== RECORDED DATA ==
★ ★ ★ ★ ★

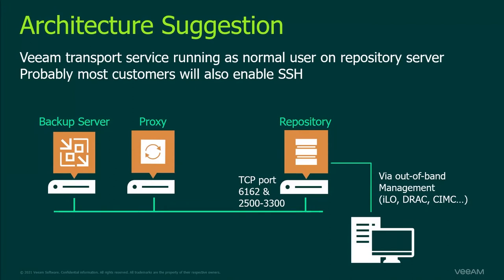An overview of a possible architecture. We don't need SSH access on normal use, we only need it for the initial deployment. Afterwards SSH can be disabled. If needed management can be done from the out-of-band management interface of the server. The transport service does not require root privileges. It runs as a normal user.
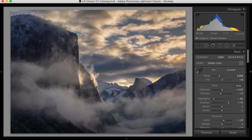Hi, this is Michael Frey, and in this video we're going to look at the tone controls in Lightroom. I think getting the tones right is the most important aspect of image processing. If you can get the white point, black point, overall brightness, and overall contrast looking the way you want them to look, then you've really done most of the work.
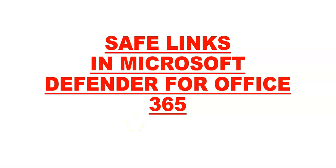Hi, my name is Ashish, and in this video we will see safe links in Microsoft Defender for Office 365. In organizations with Microsoft Defender for Office 365, safe link scanning protects the organization from malicious links that are used in phishing and other attacks. Specifically, safe links provides URL scanning and rewriting of inbound email messages during mail flow, and time of click verification of URLs and links in email messages, Teams, and supported Office 365 apps. Safe link scanning occurs in addition to regular anti-spam and anti-malware protection.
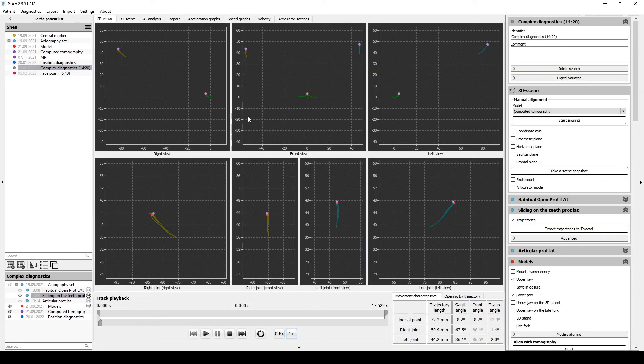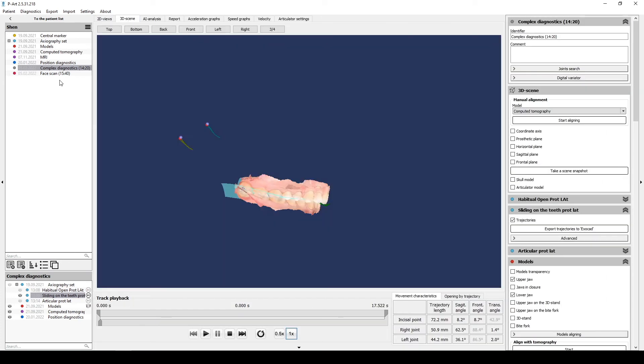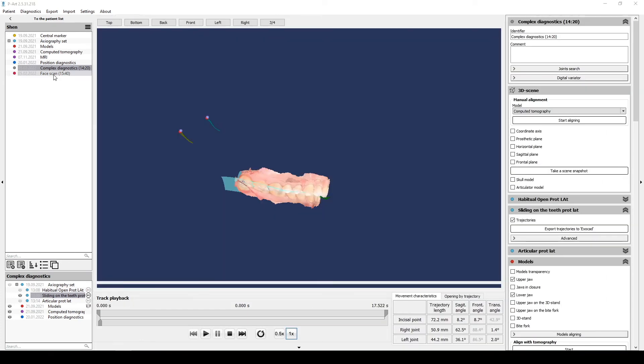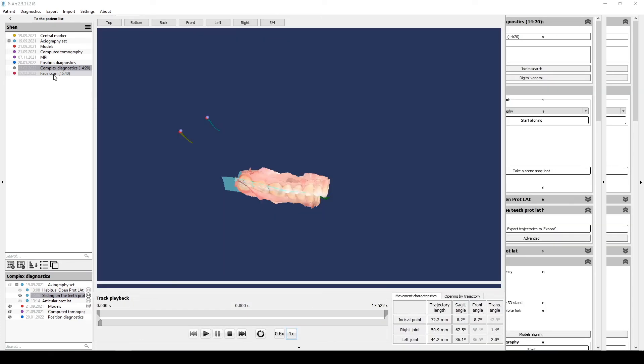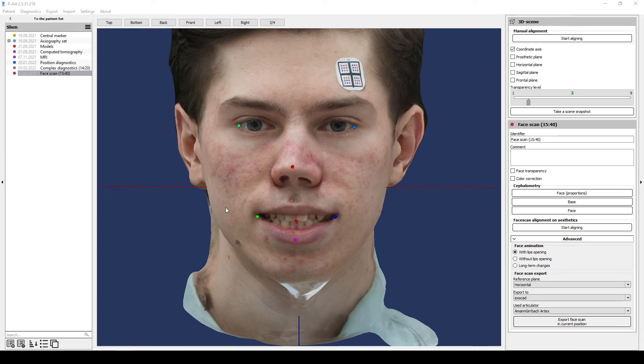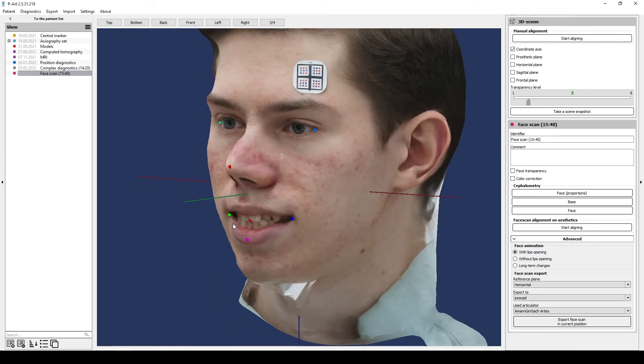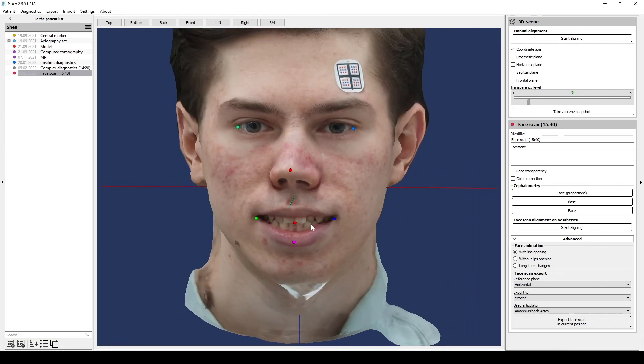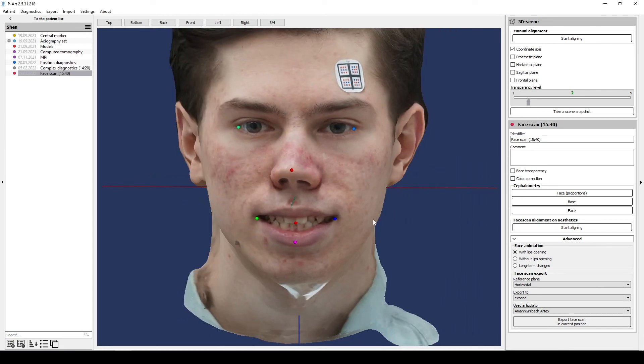Also you can export face scan. For that you need to open section Face scan in the right menu. It is marked with a red circle.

★ ★ ★ ★ ★

== PROBLEM REQUIREMENTS ==
Every line from the one with "Hi, my name" through the last line of the data must be copied exactly. Leave the pictures out.

== EXPECTED ANSWER ==
Hi, my name is Ashish, and in this video we will see safe links in Microsoft Defender for Office 365. In organizations with Microsoft Defender for Office 365, safe link scanning protects the organization from malicious links that are used in phishing and other attacks. Specifically, safe links provides URL scanning and rewriting of inbound email messages during mail flow, and time of click verification of URLs and links in email messages, Teams, and supported Office 365 apps. Safe link scanning occurs in addition to regular anti-spam and anti-malware protection.
Also you can export face scan. For that you need to open section Face scan in the right menu. It is marked with a red circle.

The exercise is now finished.